You will report to the Director of Site Reliability Engineering who is on a mission to deliver high-value projects built to the best of our ability.

What you will be doing in this role:

• Be part of incorporating security awareness into the company while guiding and training our ever-growing engineering team in security best practices.
• Help identify, review, and adopt new cloud security practices within the engineering teams.
• Identify and mitigate infrastructure security issues in cloud infrastructure.
• Participate in code reviewing infrastructure as code to assist site reliability engineers in identifying and reducing security risks.
• Review cloud infrastructure configuration, networking, and security group rules on cloud platforms.
• Assist with configuring and continuously improving WAF rules.
• Implement security related logging, monitoring, and alerting on an infrastructure level.
• Respond to production-level security incidents, and perform root cause analysis.
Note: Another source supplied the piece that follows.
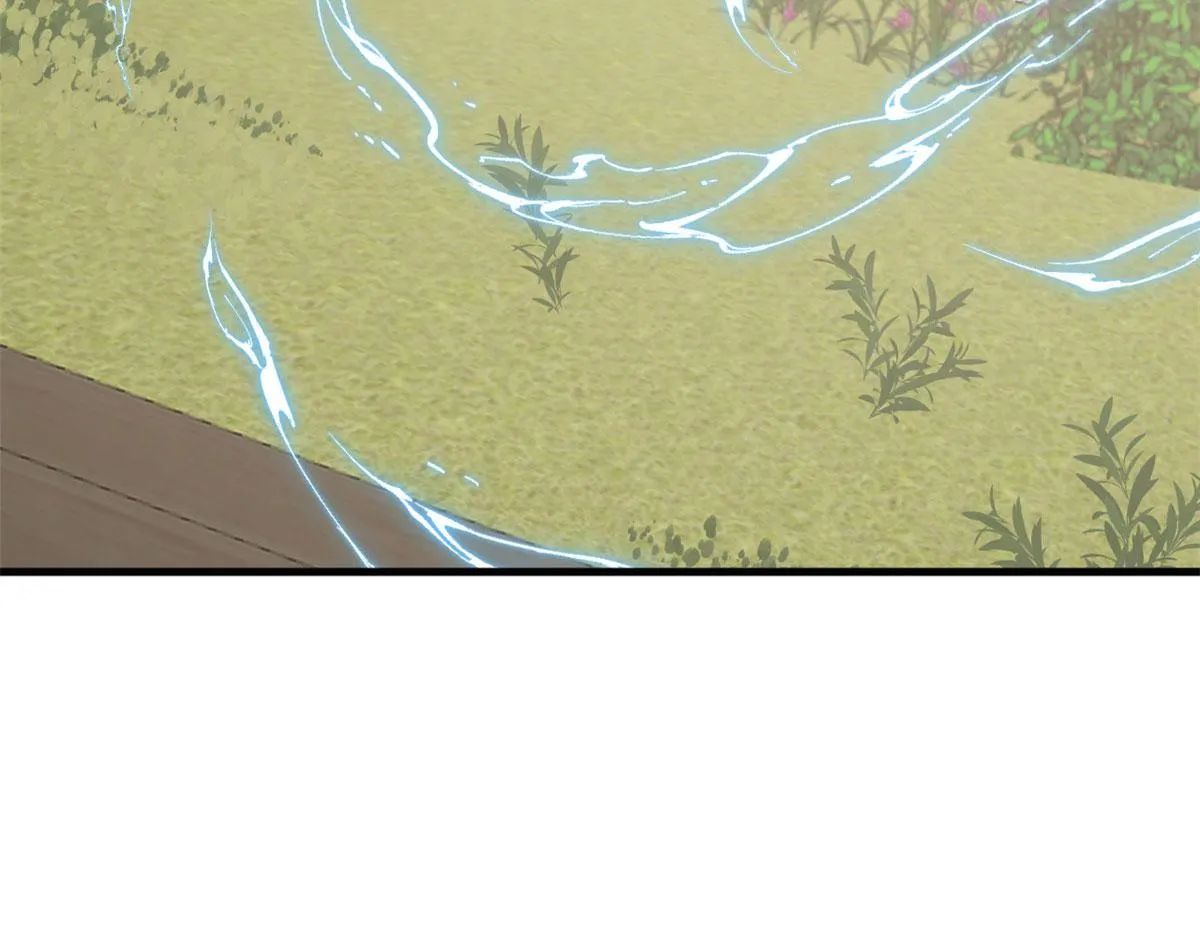343 第113页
What it takes to succeed in this role:

• Proven work experience in cloud engineering within the security space and/or worked on security initiatives and projects.
• Understanding of security standards, best practices, and security knowledge frameworks such as OWASP, CIS, etc.
• Good experience and knowledge of linux systems and operating system security hardening practices.
• Experience and understanding of docker containerisation.
• Experience in working with Kubernetes.
• Worked with infrastructure deployed within cloud providers like Google Cloud Platform, Amazon Web Services or Azure.
• Experience in analysing logs on various cloud providers as well as platforms such as ELK and/or Grafana Loki.
• Worked with intrusion detection and real-time security monitoring tools.
• Experience with using infrastructure as code.
• Experience in managing and configuring Web Application Firewalls.
• A solid understanding of cloud networking best practices.

The ideal candidate has:

• Proven ability to learn new technologies quickly.
• Excellent problem-solving and communication skills.
• Critical thinking.
• Solid dependable team player.
• Exceptional customer service skills.
• Great communication skills. 
• Enjoys solving many problems per day.